What to produce —
Nothing but the lines below between the line holding "Front exterior of" and the line holding "Mary Noble, or", inclusive, should appear in the answer, each set down exactly.
+ + + + +
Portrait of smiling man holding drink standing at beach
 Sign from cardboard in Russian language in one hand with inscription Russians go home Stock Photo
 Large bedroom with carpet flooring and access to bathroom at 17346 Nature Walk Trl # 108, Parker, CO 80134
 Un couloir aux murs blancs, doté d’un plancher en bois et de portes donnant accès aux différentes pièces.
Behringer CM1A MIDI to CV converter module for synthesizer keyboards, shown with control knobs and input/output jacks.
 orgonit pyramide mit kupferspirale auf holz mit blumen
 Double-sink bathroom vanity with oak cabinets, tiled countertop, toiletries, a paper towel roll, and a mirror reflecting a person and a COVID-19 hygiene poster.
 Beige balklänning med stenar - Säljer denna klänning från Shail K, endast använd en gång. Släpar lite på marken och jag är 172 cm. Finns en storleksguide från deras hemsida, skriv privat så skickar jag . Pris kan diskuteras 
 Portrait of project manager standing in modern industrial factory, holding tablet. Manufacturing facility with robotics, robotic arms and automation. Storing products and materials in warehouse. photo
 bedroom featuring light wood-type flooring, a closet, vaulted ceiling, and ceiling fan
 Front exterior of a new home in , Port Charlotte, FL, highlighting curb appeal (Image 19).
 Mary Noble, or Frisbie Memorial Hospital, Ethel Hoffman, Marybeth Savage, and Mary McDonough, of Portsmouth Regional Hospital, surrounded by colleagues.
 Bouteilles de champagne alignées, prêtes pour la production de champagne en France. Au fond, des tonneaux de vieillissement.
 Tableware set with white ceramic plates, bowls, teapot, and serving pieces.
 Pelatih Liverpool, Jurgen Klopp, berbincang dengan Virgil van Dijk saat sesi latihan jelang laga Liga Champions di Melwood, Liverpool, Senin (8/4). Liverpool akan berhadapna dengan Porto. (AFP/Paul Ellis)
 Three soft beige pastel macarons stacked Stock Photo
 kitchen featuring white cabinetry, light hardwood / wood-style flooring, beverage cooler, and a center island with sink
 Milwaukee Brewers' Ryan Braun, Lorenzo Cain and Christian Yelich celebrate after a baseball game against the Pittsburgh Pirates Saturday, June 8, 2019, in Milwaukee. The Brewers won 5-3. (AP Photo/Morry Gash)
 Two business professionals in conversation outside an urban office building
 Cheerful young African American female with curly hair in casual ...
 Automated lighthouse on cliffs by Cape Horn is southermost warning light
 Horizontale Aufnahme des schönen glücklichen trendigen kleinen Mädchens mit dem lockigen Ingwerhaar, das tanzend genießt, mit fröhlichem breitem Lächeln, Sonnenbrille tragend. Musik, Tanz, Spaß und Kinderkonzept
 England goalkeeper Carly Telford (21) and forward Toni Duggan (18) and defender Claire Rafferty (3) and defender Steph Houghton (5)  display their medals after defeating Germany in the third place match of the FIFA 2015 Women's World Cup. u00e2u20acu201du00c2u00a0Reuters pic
+ + + + +
Answer for the task —
 Front exterior of a new home in , Port Charlotte, FL, highlighting curb appeal (Image 19).
 Mary Noble, or Frisbie Memorial Hospital, Ethel Hoffman, Marybeth Savage, and Mary McDonough, of Portsmouth Regional Hospital, surrounded by colleagues.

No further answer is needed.